Posted 16 June 2017
By Michael Mezher
The US Food and Drug Administration (FDA) on Thursday said it is extending the use dates of multiple lots of injectable drugs made by Pfizer subsidiary Hospira by six months to a year in response to an ongoing shortage of the drugs.
In recent months Hospira has suffered a number of setbacks related to its injectables, and has issued recalls for multiple products due to the presence of particulate matter and potential lack of sterility assurance. FDA also warned Hospira's Kansas site in February for failing to adequately investigate complaints about particulate matter and other good manufacturing practice (GMP) issues.
In a letter to its customers last month, Pfizer attributed the shortage of its injectables, which include atropine sulfate, dextrose 50% and epinephrine, to "manufacturing, distribution and third party delays."

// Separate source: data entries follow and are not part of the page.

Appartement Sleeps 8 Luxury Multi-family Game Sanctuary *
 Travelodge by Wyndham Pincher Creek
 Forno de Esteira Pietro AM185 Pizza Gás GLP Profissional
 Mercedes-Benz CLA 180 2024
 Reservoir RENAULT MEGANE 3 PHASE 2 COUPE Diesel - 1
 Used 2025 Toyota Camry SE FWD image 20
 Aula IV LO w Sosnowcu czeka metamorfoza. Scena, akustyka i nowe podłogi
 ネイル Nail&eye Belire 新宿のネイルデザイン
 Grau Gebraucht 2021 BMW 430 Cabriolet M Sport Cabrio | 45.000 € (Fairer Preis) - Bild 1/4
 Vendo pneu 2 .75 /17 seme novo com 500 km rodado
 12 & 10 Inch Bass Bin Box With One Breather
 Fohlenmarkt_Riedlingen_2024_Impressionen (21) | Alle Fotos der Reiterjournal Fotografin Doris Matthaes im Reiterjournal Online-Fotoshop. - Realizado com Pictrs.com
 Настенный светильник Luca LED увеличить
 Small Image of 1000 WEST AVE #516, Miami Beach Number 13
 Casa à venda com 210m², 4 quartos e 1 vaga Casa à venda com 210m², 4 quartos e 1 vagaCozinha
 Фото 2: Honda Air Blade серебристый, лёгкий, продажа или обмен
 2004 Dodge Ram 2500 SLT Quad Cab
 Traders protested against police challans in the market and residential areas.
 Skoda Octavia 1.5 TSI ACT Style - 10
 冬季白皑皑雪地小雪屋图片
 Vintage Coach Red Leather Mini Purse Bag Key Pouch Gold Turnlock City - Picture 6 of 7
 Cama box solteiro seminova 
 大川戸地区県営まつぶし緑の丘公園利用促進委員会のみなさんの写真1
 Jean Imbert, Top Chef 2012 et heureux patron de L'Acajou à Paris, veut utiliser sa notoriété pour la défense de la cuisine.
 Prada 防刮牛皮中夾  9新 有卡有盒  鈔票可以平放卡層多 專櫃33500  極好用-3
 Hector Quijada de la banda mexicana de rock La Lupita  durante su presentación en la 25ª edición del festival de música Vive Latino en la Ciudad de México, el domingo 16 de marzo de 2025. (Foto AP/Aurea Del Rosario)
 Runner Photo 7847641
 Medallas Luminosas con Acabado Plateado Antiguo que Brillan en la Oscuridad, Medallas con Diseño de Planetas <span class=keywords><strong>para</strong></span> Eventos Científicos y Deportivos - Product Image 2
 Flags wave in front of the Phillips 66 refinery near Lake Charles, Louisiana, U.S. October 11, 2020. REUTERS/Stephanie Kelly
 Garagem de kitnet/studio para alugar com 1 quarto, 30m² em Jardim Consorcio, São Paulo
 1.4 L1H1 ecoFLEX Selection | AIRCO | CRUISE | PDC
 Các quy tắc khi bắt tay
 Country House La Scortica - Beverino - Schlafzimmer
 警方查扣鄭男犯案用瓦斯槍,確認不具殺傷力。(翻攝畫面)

For the time being, FDA says it is extending the use date for specific lots of Pfizer's atropine sulfate for six or 12 months, dextrose 50% for 12 months and epinephrine for nine months. However, FDA says it is not asking for those lots to be relabeled with new use dates, and says the drugs should be disposed of according to their original use dates if replacement product becomes available.
In the letter, Pfizer says it has already begun taking steps to address the shortages, including prioritizing the production of medically necessary drugs, increasing production and qualifying third-party suppliers for the products. The company also notes that it expects a "full recovery" for nearly all of products in shortage by the end of 2017.
FDA says it is working closely with Pfizer to resolve the shortages and address their root causes. The agency also says it is exploring other options to ease the shortage, including expediting its review of applications for the affected products or temporary importation from other countries.